Understanding and targeting isocitrate-metabolising enzymes involved in tuberculosis and cancer

In 2016, 1.3 million people died from tuberculosis (TB),(1) which is caused by Mycobacterium tuberculosis (Mtb), a pathogen that is rarely treated with common antibiotics. Multi-drug treatments are available but the long-term (at least six months) strict treatment regimens pose challenges for patients. The emergence of Mtb resistant strains is making treatment increasingly ineffective. In 2016, 490,000 cases of multidrug-resistant TB were reported.(1) Key characteristics for the survival of Mtb involve its metabolic flexibility and its ability to persist in a highly antibiotic-resistant dormant state.(2) An important metabolic feature of mycobacteria is the glyoxylate shunt, a pathway that exists in most prokaryotes and enables Mtb to grow on C2 carbon sources such as fatty acids. It partly bypasses the TCA cycle, in which isocitrate dehydrogenase (IDH) catalyses the oxidative decarboxylation of 2-oxoglutarate (2OG) giving isocitrate, which is then decarboxylated to succinyl-CoA by 2OG dehydrogenase. Succinate is then generated via an oxidative phosphorylation as catalysed by succinyl-CoA synthetase. While the decarboxylation steps in the TCA cycle lead to the loss of two carboxyl groups as CO2, the glyoxylate shunt bypasses these steps, hence enabling simple carbon source compounds to be used for macromolecule synthesis (e.g. glucose).
Isocitrate lyase (ICL), the first enzyme in the glyoxylate shunt, converts isocitrate (instead of 2OG) into glyoxylate and succinate directly. ICL is upregulated in Mtb in certain non-replicating states. An icl knockout attenuated the persistence and virulence of Mtb.(2) Thus, the glyoxylate shunt is important for Mtb to survive inside the host and finding inhibitors of IDH and/or ICL may enable new treatment strategies. Detailed biochemical and biophysical studies of the bifurcating point between the TCA cycle and the glyoxylate shunt are required for understanding the metabolic pathways in Mtb and developing inhibitors for them are important for validating isocitrate metabolising enzymes as drug targets. Therefore, my work is aimed at biochemical and biophysical studies on IDH and ICL and their regulation, including kinetic, mass spectrometry (MS), crystallography and nuclear magnetic resonance spectroscopy (NMR) studies, as well as early stage inhibitor development. Accordingly, I will be screening existing in-house libraries against these enzymes as well as inhibitor libraries provided by GSK. The potency, selectivity and binding-mode of hit molecules will be determined by biochemical, biophysical and crystallographic studies; and will further inform on chemical inhibitor optimisation. Potent inhibitors identified in my screens will be tested against mycobacteria cells at the Francis-Crick Institute. The results will yield a more detailed understanding of the role of the glyoxylate shunt and its regulation as well as yield inhibition information of the metabolism in mycobacteria.

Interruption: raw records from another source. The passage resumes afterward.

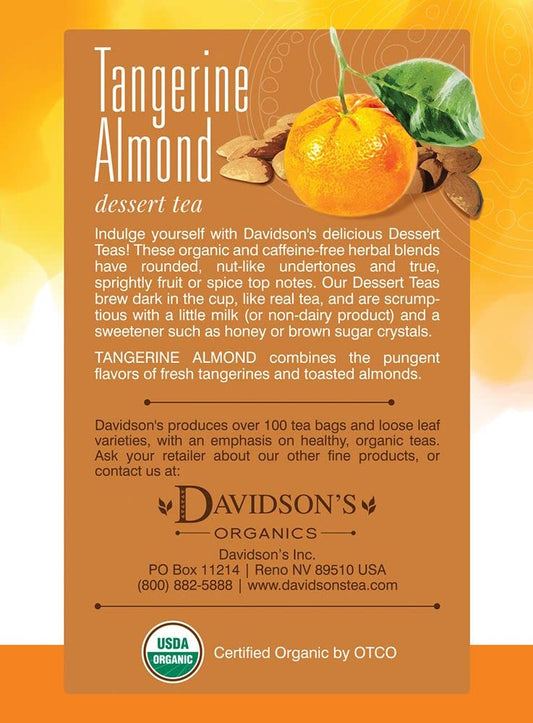 Davidson'S Organics, Tangerine Almond, 8-Count Tea Bags, Pack Of 12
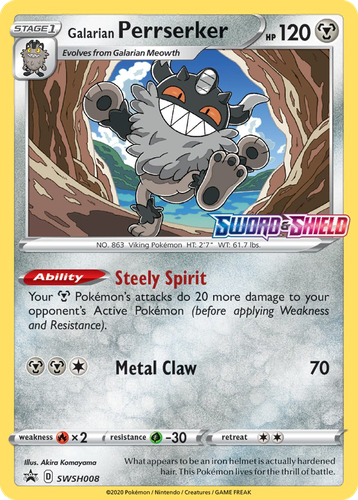 Galarian Perrserker Pokémon TCG card art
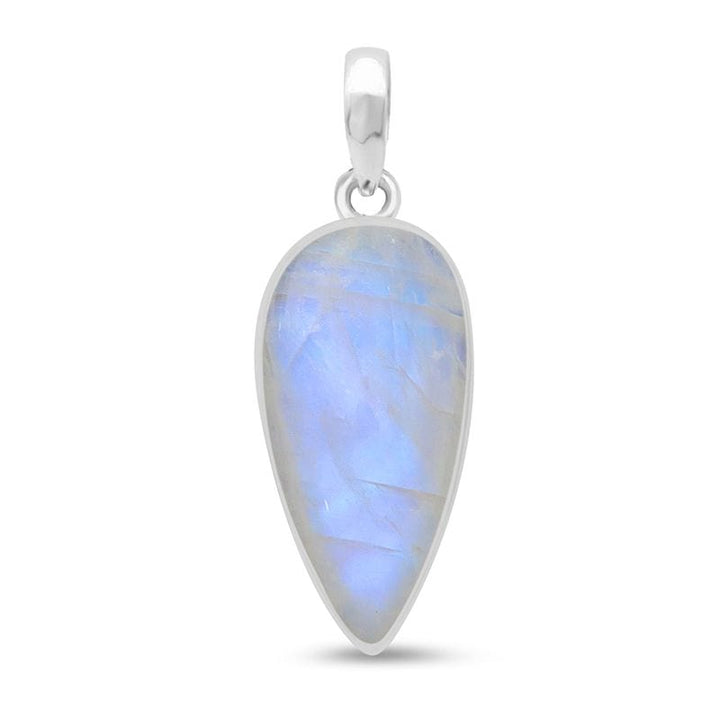 Rainbow Moonstone Sterling Silver Pendant - Teardrop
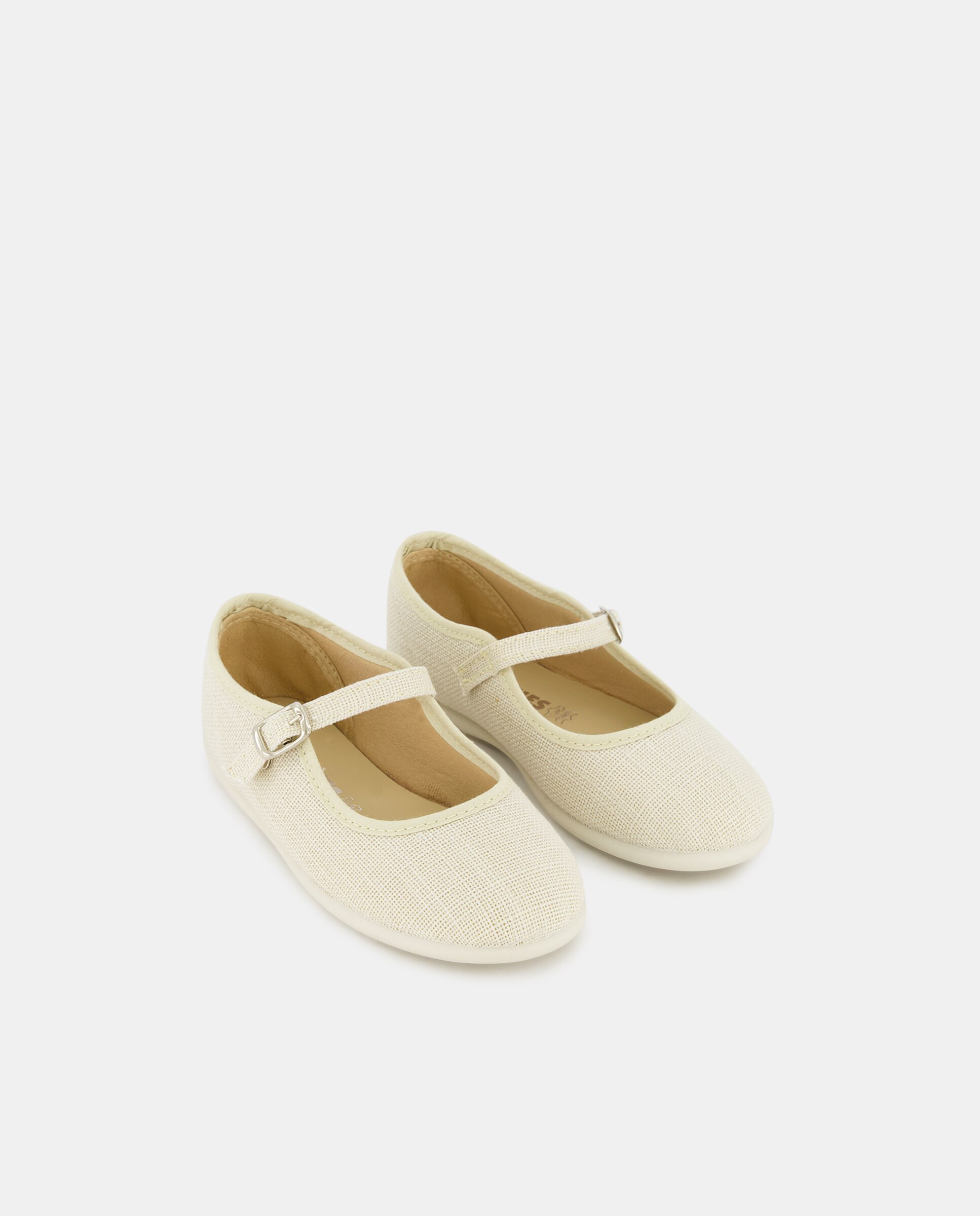 Merceditas de niña en lino con hebilla - Chuches - Beige Beige-2
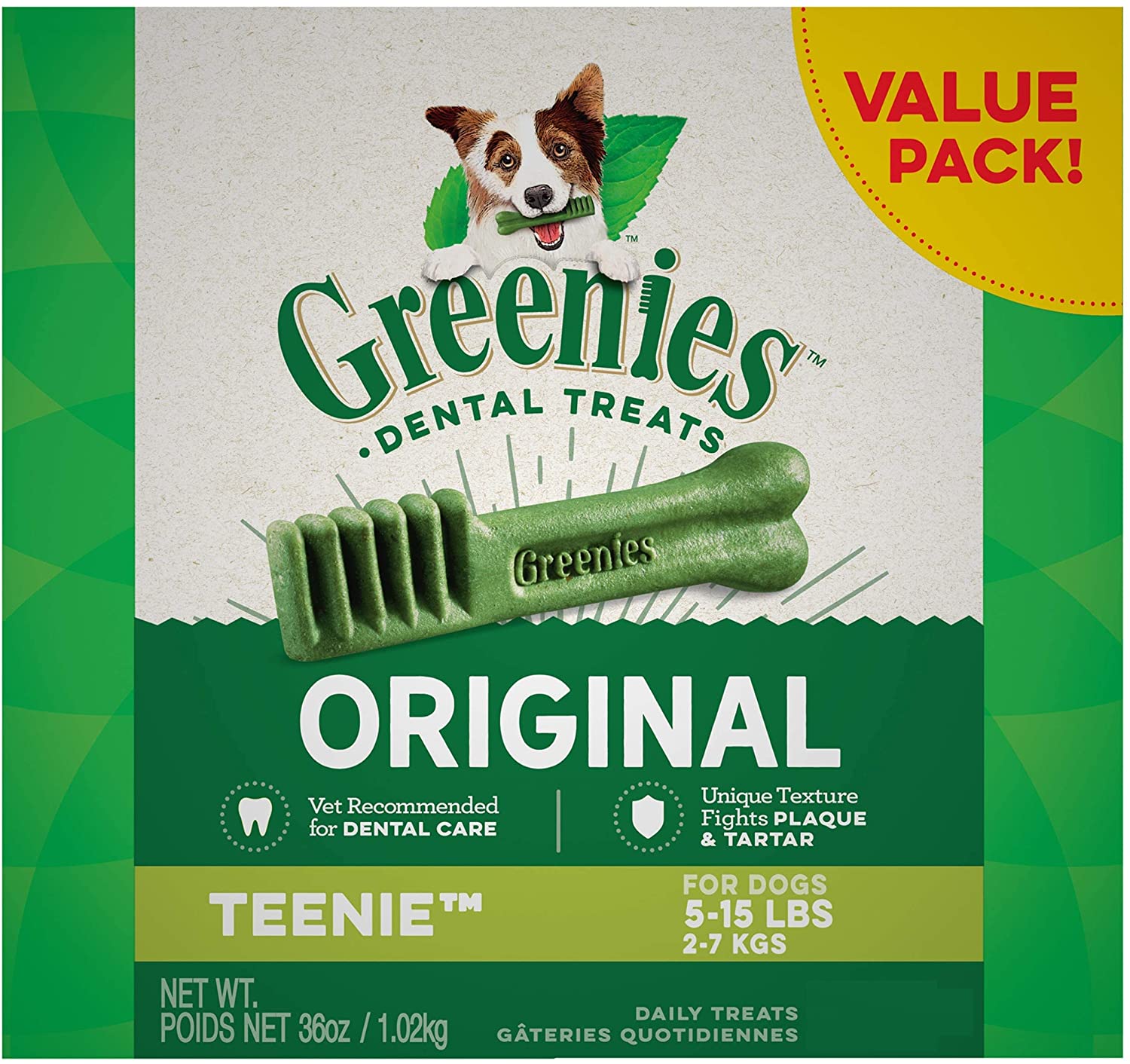 Greenies Original Teenie Natural Dental Dog Treats. 130 Treats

Alongside the development of inhibitors for Mtb IDH/ICL, analogous biochemical and biophysical studies will be carried out on human IDH2 and its variants which are involved in cancer (R140Q, R172K). These variants are reported to gain a neomorphic function to produce 2-hydroxyglutarate (2HG), an oncometabolite which is also produced by Mtb IDH(3). These investigations will support our understanding of the isocitrate metabolism in both tuberculosis and humans; and thus, could additionally pave the way to new cancer therapeutics.
This project falls within the BBSRC research area "Combatting antimicrobial resistance" and aligns with the priorities to "Understand the fundamental microbiology of organisms with known resistance prevalence in order to understand how resistance develops and is maintained, and to develop mitigation strategies" and "Underpin the development of novel antimicrobials and alternatives to antimicrobials". It involves the University of Oxford, the Francis Crick Institute and GSK.